UPDATE: 5-26-12 10:30 AM PST
According to CNN report Guangcheng's brother Guangfu is back in his province. The brother of Chinese human rights activist Chen Guangcheng said he's worried about his incarcerated son and has met with attorneys in Beijing to get legal advice for him.
Chen Guangfu told CNN Saturday that he's back home in Shandong province village of Dongshigu after meeting with Beijing lawyers in the case of his son Chen Kegui. The son was arrested and accused of murder this month shortly after his activist-uncle, Chen Guangcheng, escaped from their village.
Chen Guangcheng’s brother Chen Guangfu is the eldest brother of the blind activist who sought refuge in the U.S. Embassy in China sparking conflict between the U.S. and China in April. Guangcheng’ s brother Chen Guangfu has disappeared amid fears of reprisal against family members.
A controversy was sparked last month when Chen Guangcheng sought refuge in the U.S. Embassy in China. After six days in the Embassy, the Chinese activist was allowed to come to the U.S. to study. Repercussions against family members have begun with the sudden disappearance of Guangfu.
Reports say Guangfu left his home in Shandong province and arrived in Beijing on Wednesday seeking legal help for his son who is being held on a murder charge, which is being called a rallying point for rights activists challenging the government practices of suppression, discrimination and lack of due process.
His son, Chen Kegui, 32, was charged with "intentional homicide" for using knives to fend off local officials who burst into his home on April 27, the day after they discovered his blind uncle had escaped.
He could face the death penalty. His lawyers, denied access to him last week, said he did not kill anyone.
There are multiple problems with the Chinese government in the area of human rights, and the country is monitored by international human rights organizations including Amnesty International and Human Rights Watch. Various controversial human rights issues in China include policies such as capital punishment, the one child policy, the political status of Tibet, and lack of protections regarding freedom of press and religion.
One of the foremost areas of concern is a lack of legal rights of an independent judiciary, rule of law, and due process. Labor rights are one of the most prominent in the absence of independent labor unions, discrimination against rural workers and ethnic minorities. Rural workers emigrate to the cities to work leaving their families in the provinces and suffer discrimination and poor working conditions.

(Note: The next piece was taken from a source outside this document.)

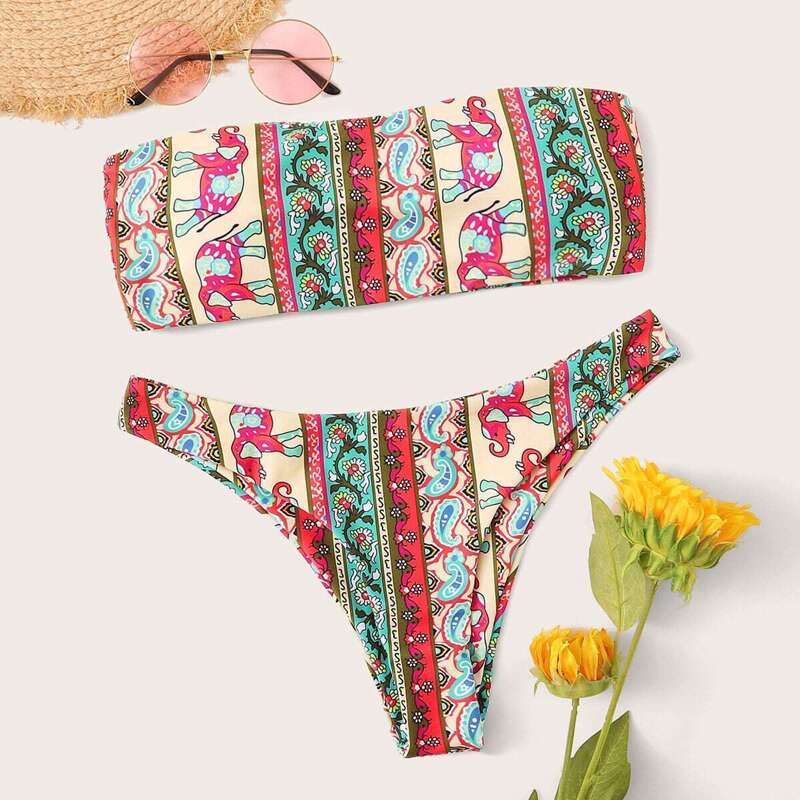 

Tribal Bandeau With High Cut Bikini Set, Multicolor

A list of those being held in China for labor rights activism was compiled in 2010. View the list here. The list includes those who have been detained and sentenced for their alleged involvement in labor unrest or labor organizing. It is not exhaustive. It does not include those many workers who may have been detained for a short period following a strike or labor unrest and then released without charge or trial; neither does it include those activists who are now released or presumed released except those released recently or those whose whereabouts is unknown.
Reprisals against Chen Guangcheng’s family in the wake of his seeking asylum in the U.S. are being watched by the international community. Michael Posner, U.S. assistant secretary of state for democracy, human rights and labor, said on Thursday the United States was closely monitoring Chen's family in China.
Chen Guangcheng urged authorities in Beijing on Thursday to prosecute "lawless" officials who harassed and abused the self-taught lawyer, his family and supporters, saying such prosecutions could help China establish rule of law.
Chen Guangfu did not return to his hotel room in Beijing on Friday night, Shandong-based lawyer Liu Weiguo told Reuters.
Zhao Wei, a Shandong supporter of Chen Guangcheng's family, was the last person to have contact with Chen Guangfu before they parted ways on Friday afternoon, Liu said.
"As of now, there's still no news on Brother Guangfu," Liu said. "We're not optimistic. Guangcheng is also very worried. He's contacting friends to look (for him)."
Chen Guangfu said he was restricted from leaving his village and that police in Shandong warned him they would increase the sentence for his son, Chen Kegui, if he gave interviews.